◆ **Exercise**:
Return, from the data below, each line that contains the word "recessed".

◆ **Data listing**:
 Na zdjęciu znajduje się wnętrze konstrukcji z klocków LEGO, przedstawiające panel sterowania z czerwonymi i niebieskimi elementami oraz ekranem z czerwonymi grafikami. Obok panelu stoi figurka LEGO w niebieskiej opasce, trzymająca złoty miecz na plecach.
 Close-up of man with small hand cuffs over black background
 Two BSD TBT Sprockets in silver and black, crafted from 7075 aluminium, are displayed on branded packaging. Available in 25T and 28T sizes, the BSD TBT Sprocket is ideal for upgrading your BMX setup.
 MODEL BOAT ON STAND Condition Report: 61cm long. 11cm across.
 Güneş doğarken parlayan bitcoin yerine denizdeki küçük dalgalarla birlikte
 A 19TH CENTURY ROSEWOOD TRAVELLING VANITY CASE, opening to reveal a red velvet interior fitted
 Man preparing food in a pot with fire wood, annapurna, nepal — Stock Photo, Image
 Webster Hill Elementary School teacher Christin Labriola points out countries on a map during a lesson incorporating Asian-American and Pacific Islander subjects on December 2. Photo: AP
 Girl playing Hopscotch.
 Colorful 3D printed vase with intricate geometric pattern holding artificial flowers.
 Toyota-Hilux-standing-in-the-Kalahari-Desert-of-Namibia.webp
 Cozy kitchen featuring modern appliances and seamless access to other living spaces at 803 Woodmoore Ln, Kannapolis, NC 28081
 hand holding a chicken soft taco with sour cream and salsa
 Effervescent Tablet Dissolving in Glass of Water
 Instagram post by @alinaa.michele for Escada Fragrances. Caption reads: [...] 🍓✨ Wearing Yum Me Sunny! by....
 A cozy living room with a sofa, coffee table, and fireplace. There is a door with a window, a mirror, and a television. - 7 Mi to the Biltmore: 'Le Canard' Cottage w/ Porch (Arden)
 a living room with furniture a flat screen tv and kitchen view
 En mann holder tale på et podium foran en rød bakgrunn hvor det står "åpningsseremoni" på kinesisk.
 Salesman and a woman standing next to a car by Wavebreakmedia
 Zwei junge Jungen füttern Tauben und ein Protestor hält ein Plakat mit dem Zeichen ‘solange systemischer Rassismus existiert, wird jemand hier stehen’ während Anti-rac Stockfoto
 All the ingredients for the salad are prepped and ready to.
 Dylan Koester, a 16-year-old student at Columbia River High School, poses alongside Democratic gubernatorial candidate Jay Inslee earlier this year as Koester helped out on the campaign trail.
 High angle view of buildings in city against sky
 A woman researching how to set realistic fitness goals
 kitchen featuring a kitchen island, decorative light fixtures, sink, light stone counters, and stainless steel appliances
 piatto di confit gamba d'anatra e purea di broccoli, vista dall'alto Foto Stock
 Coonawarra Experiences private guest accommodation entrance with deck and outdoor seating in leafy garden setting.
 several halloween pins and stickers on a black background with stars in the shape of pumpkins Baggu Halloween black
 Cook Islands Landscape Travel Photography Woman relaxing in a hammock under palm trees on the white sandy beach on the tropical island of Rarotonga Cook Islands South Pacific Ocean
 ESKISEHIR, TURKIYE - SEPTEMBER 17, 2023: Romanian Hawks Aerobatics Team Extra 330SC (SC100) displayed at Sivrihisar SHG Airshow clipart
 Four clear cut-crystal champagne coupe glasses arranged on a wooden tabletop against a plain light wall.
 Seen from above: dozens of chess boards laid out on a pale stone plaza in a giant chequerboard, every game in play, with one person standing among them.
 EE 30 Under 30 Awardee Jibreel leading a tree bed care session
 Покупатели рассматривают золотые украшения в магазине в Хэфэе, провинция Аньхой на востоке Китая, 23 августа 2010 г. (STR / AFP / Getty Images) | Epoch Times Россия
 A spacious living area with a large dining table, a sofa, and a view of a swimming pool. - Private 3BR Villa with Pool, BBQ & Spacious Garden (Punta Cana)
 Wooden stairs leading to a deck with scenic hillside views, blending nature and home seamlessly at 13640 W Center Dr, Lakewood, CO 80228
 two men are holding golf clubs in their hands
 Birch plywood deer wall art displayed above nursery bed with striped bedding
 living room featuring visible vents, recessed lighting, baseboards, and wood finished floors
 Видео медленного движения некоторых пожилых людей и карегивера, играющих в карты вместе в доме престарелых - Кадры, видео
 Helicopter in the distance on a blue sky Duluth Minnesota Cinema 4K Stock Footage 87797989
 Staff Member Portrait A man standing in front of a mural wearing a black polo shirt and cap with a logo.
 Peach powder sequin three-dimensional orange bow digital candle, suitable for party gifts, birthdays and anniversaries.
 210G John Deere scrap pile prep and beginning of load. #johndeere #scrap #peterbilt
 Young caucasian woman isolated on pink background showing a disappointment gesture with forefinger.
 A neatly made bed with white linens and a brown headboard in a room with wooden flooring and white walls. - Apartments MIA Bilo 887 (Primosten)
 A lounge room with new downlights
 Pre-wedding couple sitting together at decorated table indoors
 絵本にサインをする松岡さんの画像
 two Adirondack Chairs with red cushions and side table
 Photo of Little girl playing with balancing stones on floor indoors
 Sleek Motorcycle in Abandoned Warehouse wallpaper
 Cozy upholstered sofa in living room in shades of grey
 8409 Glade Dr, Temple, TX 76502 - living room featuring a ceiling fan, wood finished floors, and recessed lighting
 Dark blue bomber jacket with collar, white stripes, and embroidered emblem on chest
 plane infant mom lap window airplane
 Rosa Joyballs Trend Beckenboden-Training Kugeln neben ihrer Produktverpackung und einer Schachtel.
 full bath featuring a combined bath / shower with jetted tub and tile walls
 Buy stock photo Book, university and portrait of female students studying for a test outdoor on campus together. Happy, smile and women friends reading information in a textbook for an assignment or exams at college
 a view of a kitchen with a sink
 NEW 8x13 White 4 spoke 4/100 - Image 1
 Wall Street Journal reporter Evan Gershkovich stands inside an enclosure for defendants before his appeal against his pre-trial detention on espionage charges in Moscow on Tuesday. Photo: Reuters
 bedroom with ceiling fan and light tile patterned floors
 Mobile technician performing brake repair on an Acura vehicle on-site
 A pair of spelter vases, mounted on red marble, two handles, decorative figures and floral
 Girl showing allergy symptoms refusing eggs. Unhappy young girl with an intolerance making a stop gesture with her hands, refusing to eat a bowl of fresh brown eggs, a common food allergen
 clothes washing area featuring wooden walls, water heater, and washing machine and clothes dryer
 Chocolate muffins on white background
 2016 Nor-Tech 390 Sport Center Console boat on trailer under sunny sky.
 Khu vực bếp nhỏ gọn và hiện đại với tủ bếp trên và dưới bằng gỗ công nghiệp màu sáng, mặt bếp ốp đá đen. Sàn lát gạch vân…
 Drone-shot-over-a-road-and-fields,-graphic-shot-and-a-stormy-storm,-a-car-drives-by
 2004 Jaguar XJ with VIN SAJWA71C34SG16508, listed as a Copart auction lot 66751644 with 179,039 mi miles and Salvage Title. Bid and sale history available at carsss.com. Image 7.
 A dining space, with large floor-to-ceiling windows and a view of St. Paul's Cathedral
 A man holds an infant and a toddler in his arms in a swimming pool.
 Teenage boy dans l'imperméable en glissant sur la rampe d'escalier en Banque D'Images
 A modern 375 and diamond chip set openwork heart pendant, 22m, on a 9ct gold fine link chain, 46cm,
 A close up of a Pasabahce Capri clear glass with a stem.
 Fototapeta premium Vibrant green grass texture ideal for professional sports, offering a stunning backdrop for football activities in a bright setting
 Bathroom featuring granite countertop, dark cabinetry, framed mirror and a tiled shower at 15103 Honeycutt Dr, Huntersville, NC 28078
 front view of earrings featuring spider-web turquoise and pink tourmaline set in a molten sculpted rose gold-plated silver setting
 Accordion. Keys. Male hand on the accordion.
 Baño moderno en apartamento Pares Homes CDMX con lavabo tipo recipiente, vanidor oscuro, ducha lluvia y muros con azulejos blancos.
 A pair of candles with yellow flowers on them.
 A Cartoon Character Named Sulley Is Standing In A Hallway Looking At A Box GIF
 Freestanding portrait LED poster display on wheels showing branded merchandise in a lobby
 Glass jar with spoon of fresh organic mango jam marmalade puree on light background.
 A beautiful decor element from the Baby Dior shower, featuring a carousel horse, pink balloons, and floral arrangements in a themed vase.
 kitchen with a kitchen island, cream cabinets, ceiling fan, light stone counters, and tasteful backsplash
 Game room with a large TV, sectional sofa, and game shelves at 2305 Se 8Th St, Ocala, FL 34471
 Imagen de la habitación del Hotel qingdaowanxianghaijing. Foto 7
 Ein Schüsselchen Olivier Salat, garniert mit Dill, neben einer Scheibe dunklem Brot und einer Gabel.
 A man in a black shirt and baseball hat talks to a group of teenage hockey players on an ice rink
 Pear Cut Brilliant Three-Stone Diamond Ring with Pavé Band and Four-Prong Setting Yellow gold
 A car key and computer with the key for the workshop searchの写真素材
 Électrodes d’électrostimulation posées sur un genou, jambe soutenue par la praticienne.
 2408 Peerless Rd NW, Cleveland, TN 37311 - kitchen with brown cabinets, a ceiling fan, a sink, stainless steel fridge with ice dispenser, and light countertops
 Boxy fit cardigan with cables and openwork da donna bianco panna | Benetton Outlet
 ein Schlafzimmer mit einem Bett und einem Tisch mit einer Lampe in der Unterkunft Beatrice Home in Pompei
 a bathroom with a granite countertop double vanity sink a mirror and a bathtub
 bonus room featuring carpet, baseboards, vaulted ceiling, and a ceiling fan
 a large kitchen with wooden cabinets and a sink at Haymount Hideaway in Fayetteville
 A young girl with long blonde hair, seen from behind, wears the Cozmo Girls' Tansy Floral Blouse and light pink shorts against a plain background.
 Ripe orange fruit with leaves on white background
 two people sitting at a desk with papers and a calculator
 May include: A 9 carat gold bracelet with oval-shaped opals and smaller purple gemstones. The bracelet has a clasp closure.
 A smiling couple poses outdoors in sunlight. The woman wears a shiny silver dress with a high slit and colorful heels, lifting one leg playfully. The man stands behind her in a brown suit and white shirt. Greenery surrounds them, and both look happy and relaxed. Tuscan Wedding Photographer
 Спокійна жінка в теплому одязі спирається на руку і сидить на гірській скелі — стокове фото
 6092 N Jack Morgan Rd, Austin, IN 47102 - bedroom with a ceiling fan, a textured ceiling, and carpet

◆ **Result of this exercise**:
 living room featuring visible vents, recessed lighting, baseboards, and wood finished floors
 8409 Glade Dr, Temple, TX 76502 - living room featuring a ceiling fan, wood finished floors, and recessed lighting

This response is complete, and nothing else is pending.